[Captioned web images]
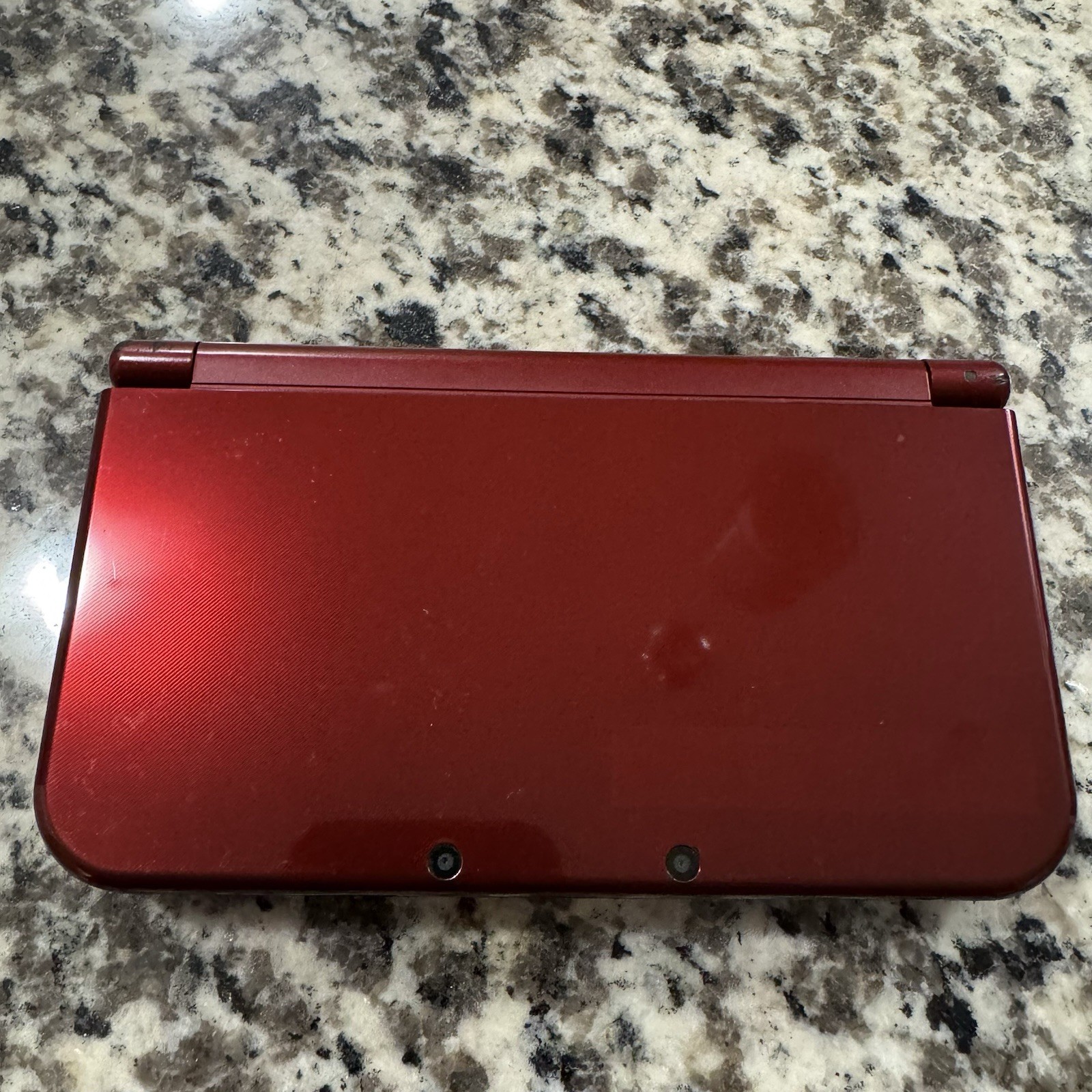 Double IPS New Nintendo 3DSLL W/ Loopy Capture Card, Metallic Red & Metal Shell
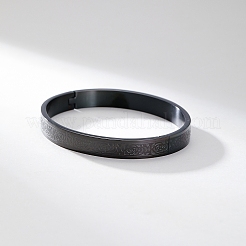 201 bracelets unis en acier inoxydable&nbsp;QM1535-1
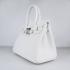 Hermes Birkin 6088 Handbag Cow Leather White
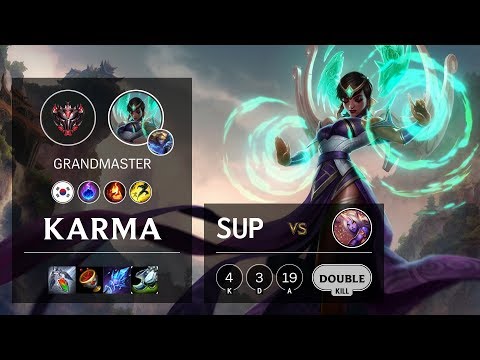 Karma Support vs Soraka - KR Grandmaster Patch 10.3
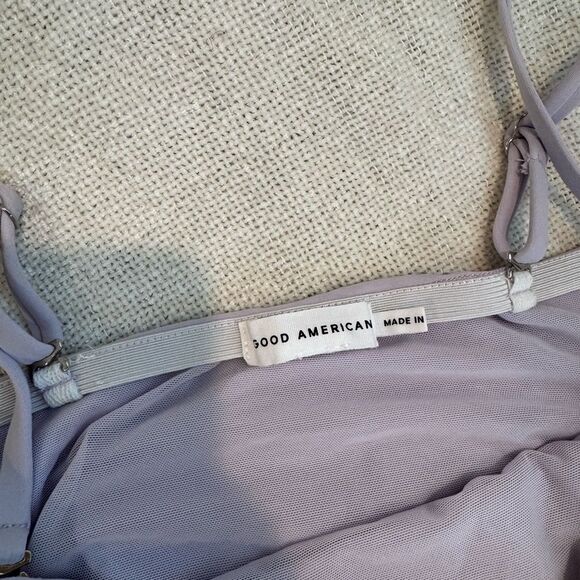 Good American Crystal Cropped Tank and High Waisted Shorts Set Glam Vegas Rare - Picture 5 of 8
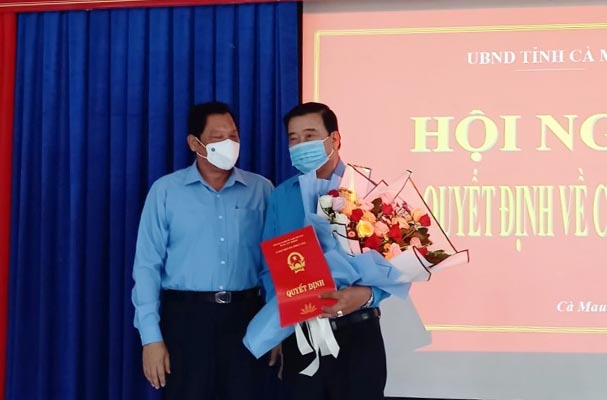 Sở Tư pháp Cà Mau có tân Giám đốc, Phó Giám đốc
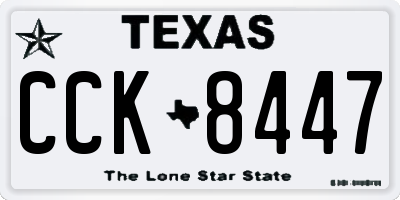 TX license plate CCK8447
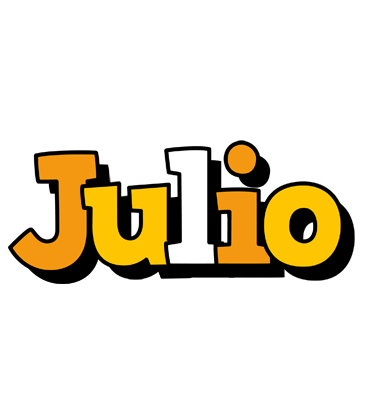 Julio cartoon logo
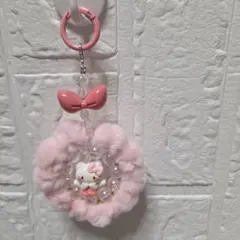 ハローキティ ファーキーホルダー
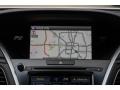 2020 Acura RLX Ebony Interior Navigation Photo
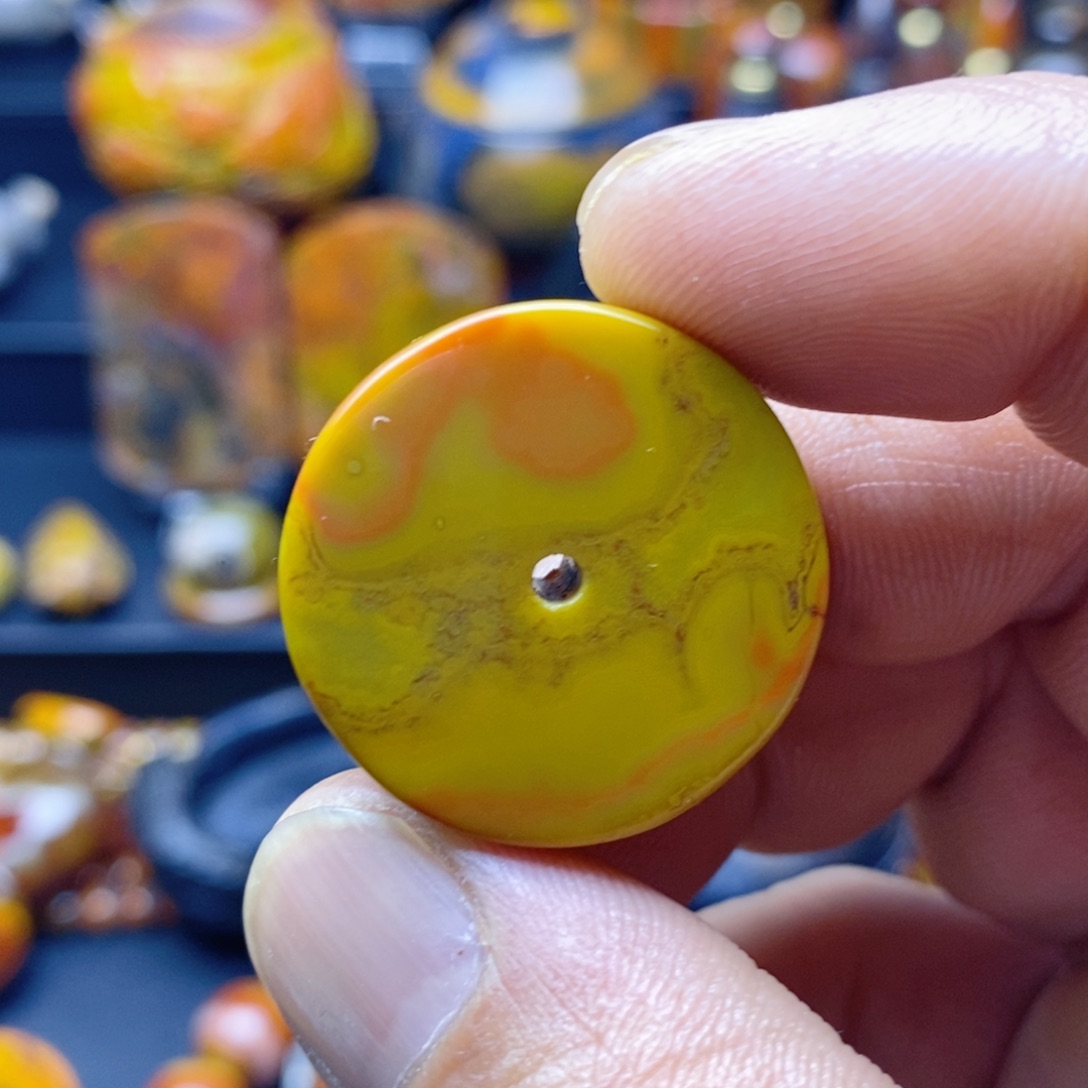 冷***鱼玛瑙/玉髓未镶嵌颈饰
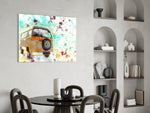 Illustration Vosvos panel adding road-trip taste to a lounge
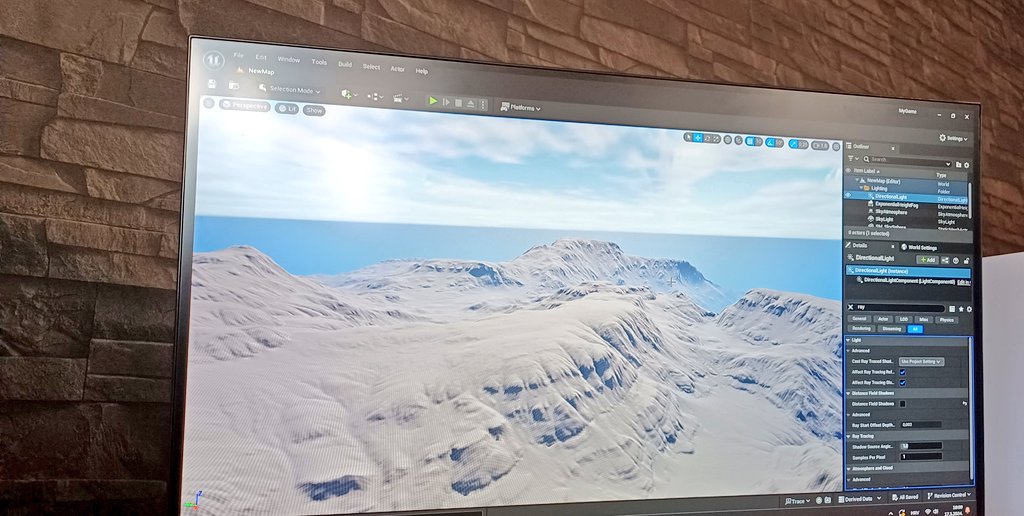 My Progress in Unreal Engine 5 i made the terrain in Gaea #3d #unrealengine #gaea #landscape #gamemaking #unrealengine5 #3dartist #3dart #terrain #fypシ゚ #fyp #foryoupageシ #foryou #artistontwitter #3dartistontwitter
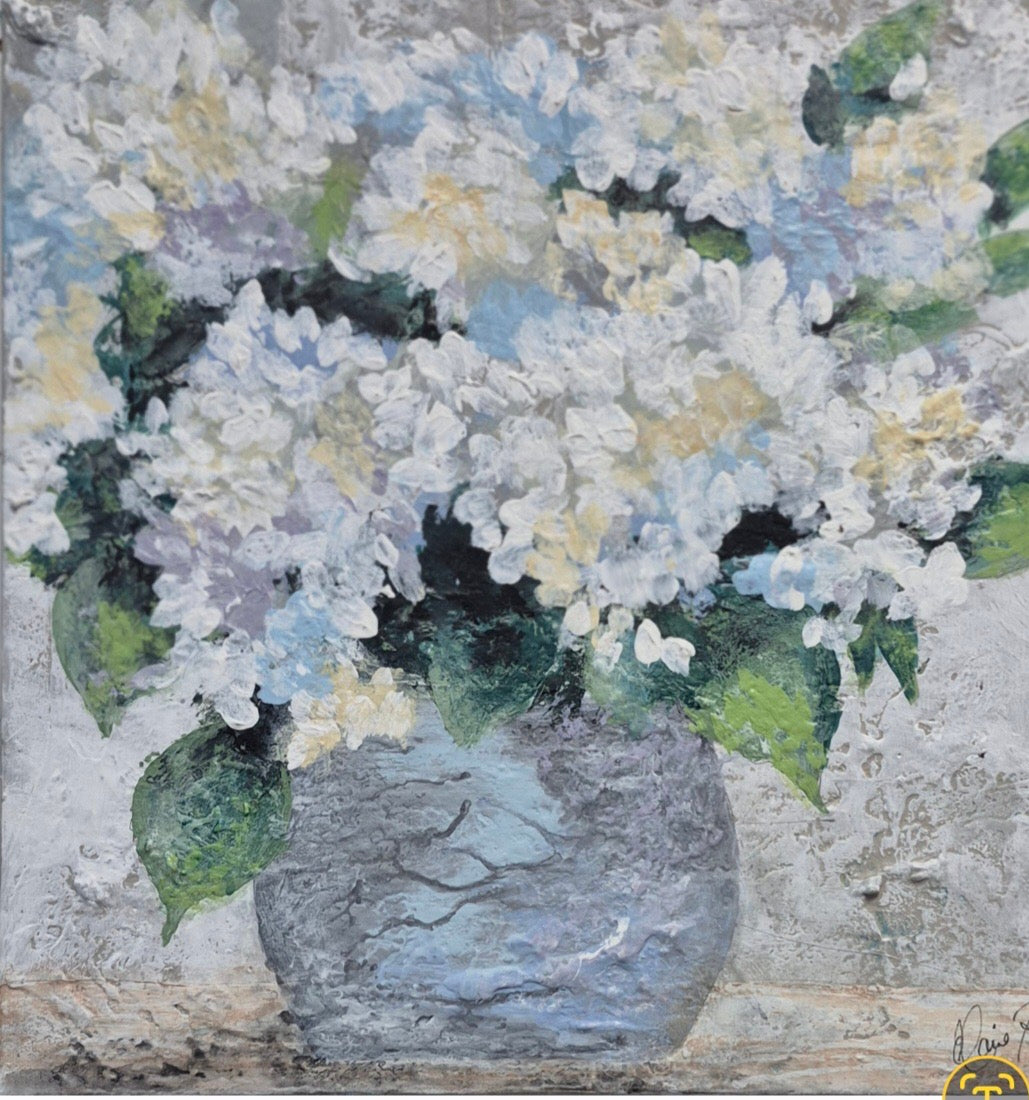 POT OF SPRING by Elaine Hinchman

*TASK DIRECTIONS:* Once the line containing "2020 Acura RLX" has been located, transcribe exactly and only every line from the first line of the entries through it, excluding pictures.

*RESPONSE TO THIS TASK:*
 Double IPS New Nintendo 3DSLL W/ Loopy Capture Card, Metallic Red & Metal Shell
 201 bracelets unis en acier inoxydable&nbsp;QM1535-1
 Hermes Birkin 6088 Handbag Cow Leather White
 Karma Support vs Soraka - KR Grandmaster Patch 10.3
 Good American Crystal Cropped Tank and High Waisted Shorts Set Glam Vegas Rare - Picture 5 of 8
 Sở Tư pháp Cà Mau có tân Giám đốc, Phó Giám đốc
 TX license plate CCK8447
 Julio cartoon logo
 ハローキティ ファーキーホルダー
 2020 Acura RLX Ebony Interior Navigation Photo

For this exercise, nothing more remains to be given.